__Work required__:
Down to the final line, write out the material beneath exactly, without pictures.

__Dataset content__:
------------------------------------

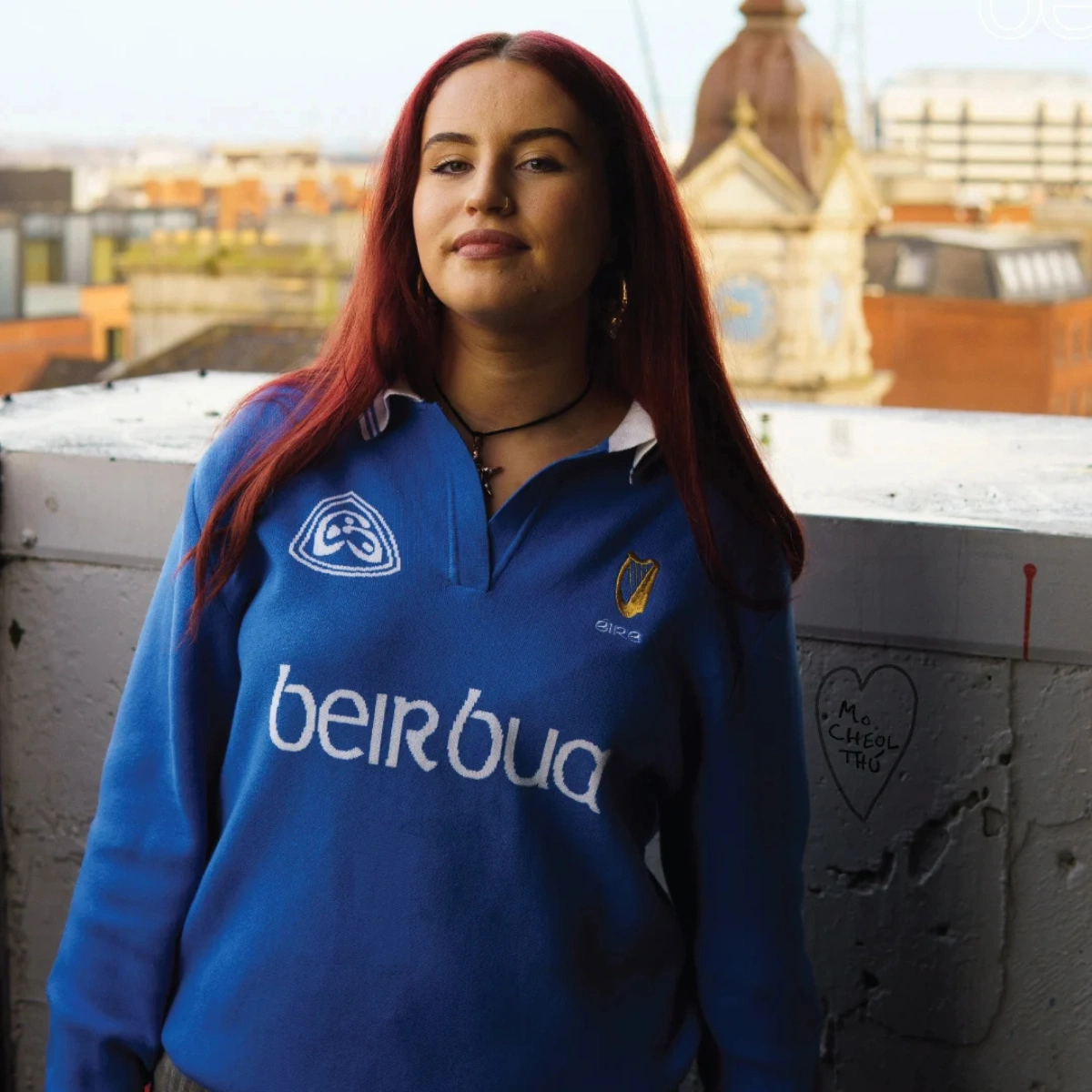 Beir Bua Geansaí Cniotáilte- Gorm, £60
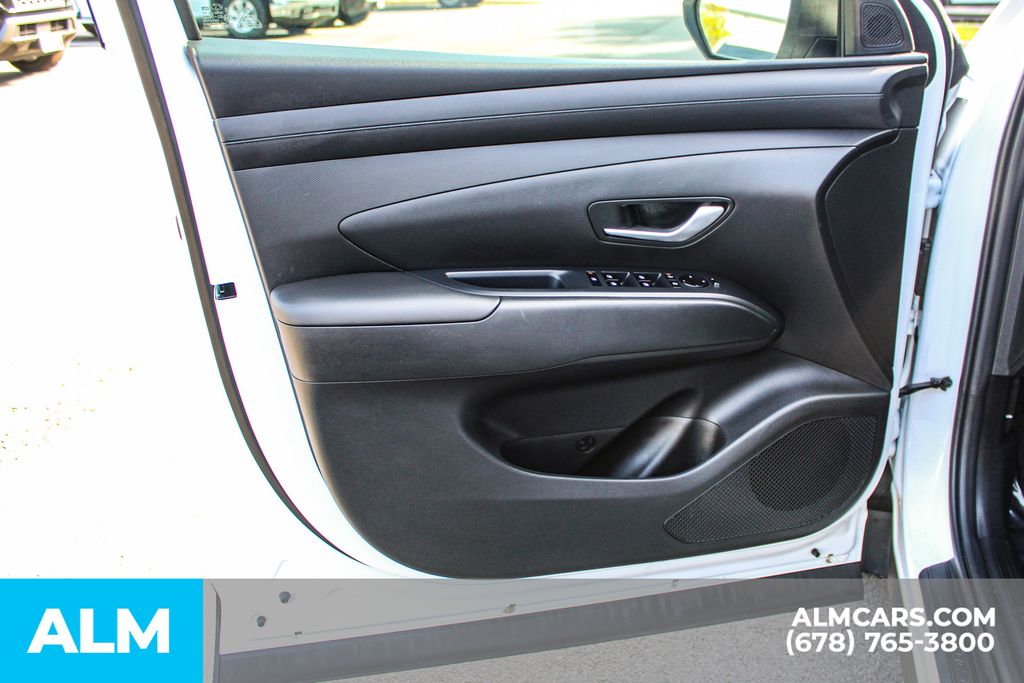 2025 Hyundai Tucson SE photo 33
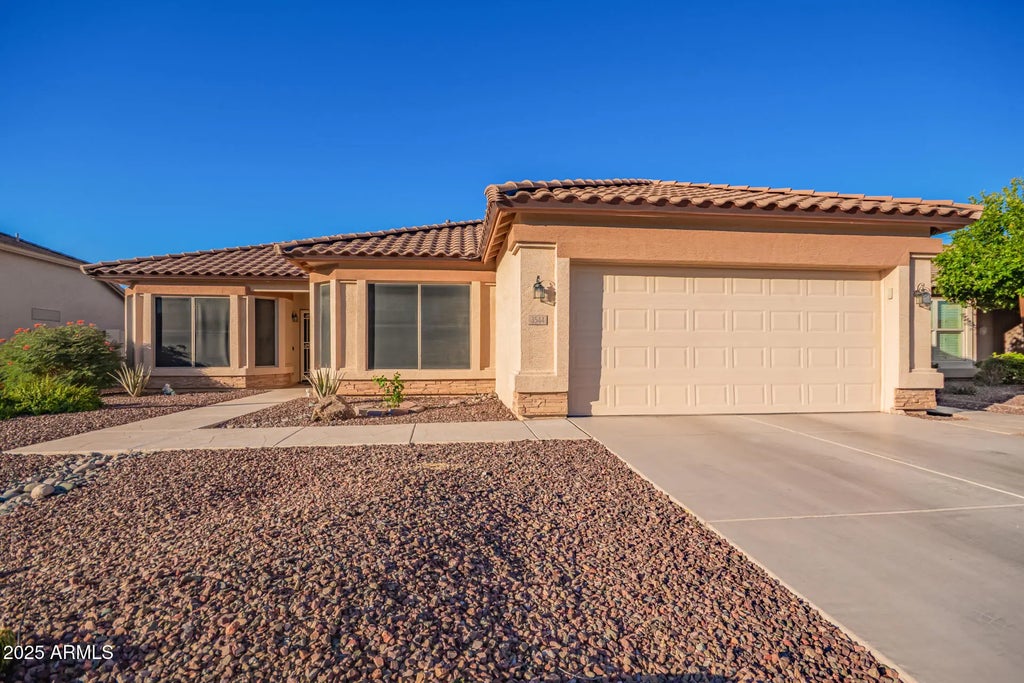 3544 E County Down Drive, Chandler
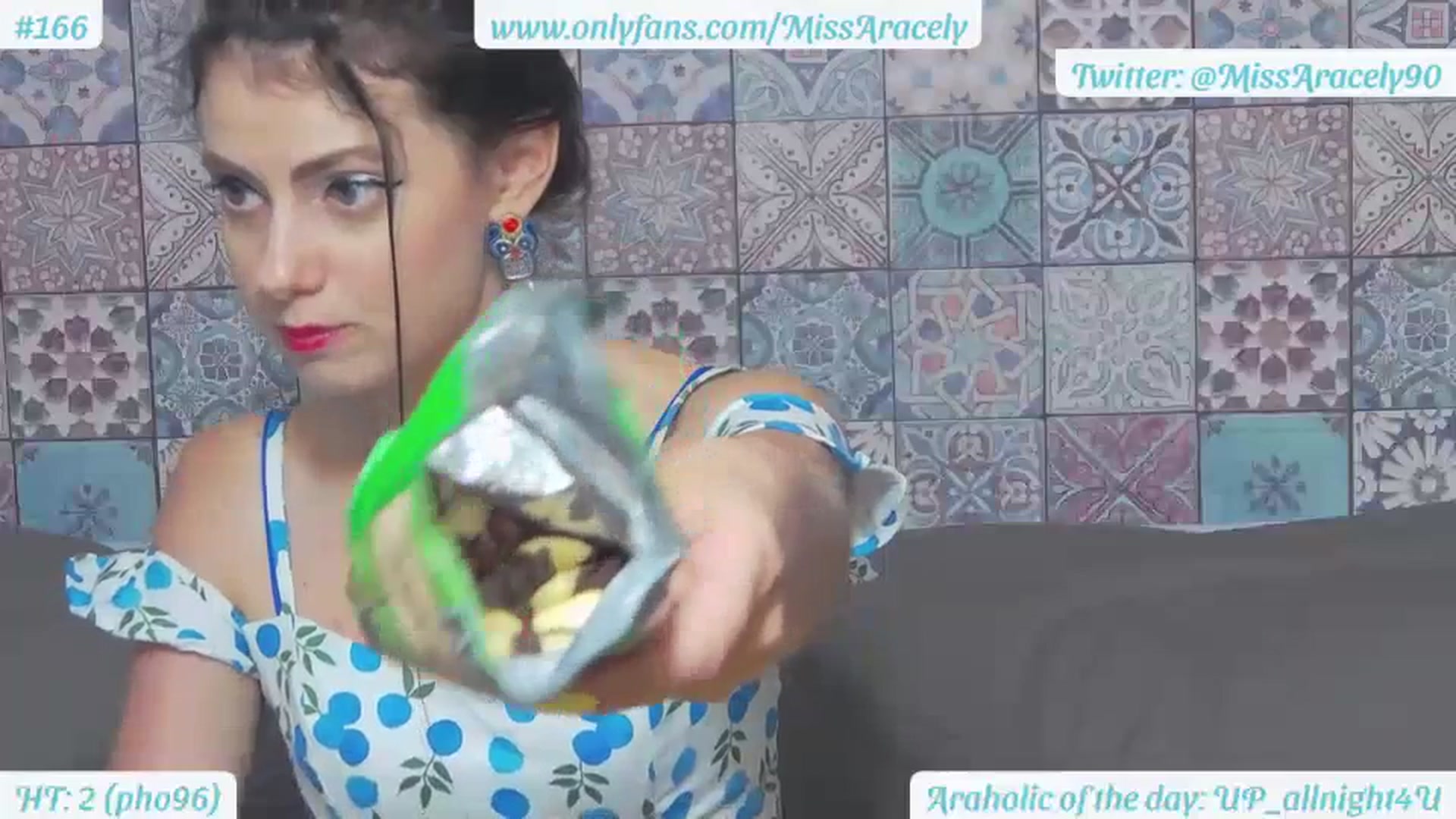 Gallery image thumbnail from MissAracely's myfreecams stream on, 07/09/2023, 22:16 image 8 of 20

------------------------------------

__Solved problem__:
 Beir Bua Geansaí Cniotáilte- Gorm, £60
 2025 Hyundai Tucson SE photo 33
 3544 E County Down Drive, Chandler
 Gallery image thumbnail from MissAracely's myfreecams stream on, 07/09/2023, 22:16 image 8 of 20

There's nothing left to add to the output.